In the light from the candles and the lamp from the living room, her skin swirled and flowed glowing like embers. She turned, moving her body in a slow, elegant dance for his inspection. “As you can see,” she said with a grin, “our bodies are similar.”
Jonah nodded.
Her joints and bones, didn’t move the way a human’s would. The elbow joint allowed higher rotation of her forearm, like the human wrist joint. Her shoulders were bulky for her size, and she had high, pointed breasts that made Jonah’s… libido… stir with approval.
Her mons pubis was more pronounced than a human woman’s. The downy hair that covered her skin was uniform—no extra growth on the mons, underarms or anywhere else. Her legs and feet were proportionally longer; the joint structure, different. She had an extra joint above her heel, or was it an extension of the foot? It looked like it added springing power. He bet she could slam-dunk a basketball with ease. Hell, looking at her leg muscles, she might hurdle the hoop. She looked like Hollywood’s idea of a dark elf with a broad nose, high cheekbones and small rounded ears instead of pointy.
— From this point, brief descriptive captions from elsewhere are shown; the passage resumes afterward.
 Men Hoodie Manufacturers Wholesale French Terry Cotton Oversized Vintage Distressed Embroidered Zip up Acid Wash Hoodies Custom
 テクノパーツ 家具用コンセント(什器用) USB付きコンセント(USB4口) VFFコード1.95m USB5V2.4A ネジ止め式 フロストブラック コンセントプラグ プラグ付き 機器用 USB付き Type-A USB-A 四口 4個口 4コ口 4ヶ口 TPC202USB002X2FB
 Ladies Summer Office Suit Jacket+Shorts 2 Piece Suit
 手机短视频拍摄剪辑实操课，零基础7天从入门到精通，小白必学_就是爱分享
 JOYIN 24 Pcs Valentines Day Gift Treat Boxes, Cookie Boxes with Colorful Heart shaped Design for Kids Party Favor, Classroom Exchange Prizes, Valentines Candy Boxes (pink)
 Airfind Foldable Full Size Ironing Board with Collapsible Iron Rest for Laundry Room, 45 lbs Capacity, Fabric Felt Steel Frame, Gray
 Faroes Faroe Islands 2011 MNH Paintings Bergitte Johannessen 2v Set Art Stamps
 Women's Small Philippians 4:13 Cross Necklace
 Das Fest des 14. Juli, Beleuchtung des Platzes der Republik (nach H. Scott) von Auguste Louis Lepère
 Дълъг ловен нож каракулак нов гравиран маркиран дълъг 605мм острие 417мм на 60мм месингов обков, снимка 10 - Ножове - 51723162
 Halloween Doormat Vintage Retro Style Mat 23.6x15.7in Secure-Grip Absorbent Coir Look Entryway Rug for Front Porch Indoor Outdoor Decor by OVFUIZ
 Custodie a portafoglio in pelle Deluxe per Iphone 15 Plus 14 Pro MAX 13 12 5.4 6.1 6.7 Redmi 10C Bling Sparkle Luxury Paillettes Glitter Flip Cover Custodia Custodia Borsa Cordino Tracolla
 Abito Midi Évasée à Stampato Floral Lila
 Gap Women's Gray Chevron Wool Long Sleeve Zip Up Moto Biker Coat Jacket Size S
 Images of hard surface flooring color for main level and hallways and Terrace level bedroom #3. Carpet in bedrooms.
She unbuckled two kukri knife sheaths from her thighs and tossed them on top of her dress.
“Legend of the Drow,” muttered Jonah, collecting himself enough to finish taking off his shirt and pants.
“I’m not familiar with that legend,” Tiana said.
“And it would embarrass me to explain it,” replied Jonah. “You may pick up lots of human guys, but you’re the first extra-terrestrial I’ve ever gotten out of her dress. I’m hoping you can cut me some slack; I think you’re enjoying startling me a bit more than necessary.”
“Would you lie down now, sir.” Tiana drawled, giving Jonah a slow wink. “I’ll be gentle, and, for the record, you reversed who got whom undressed.”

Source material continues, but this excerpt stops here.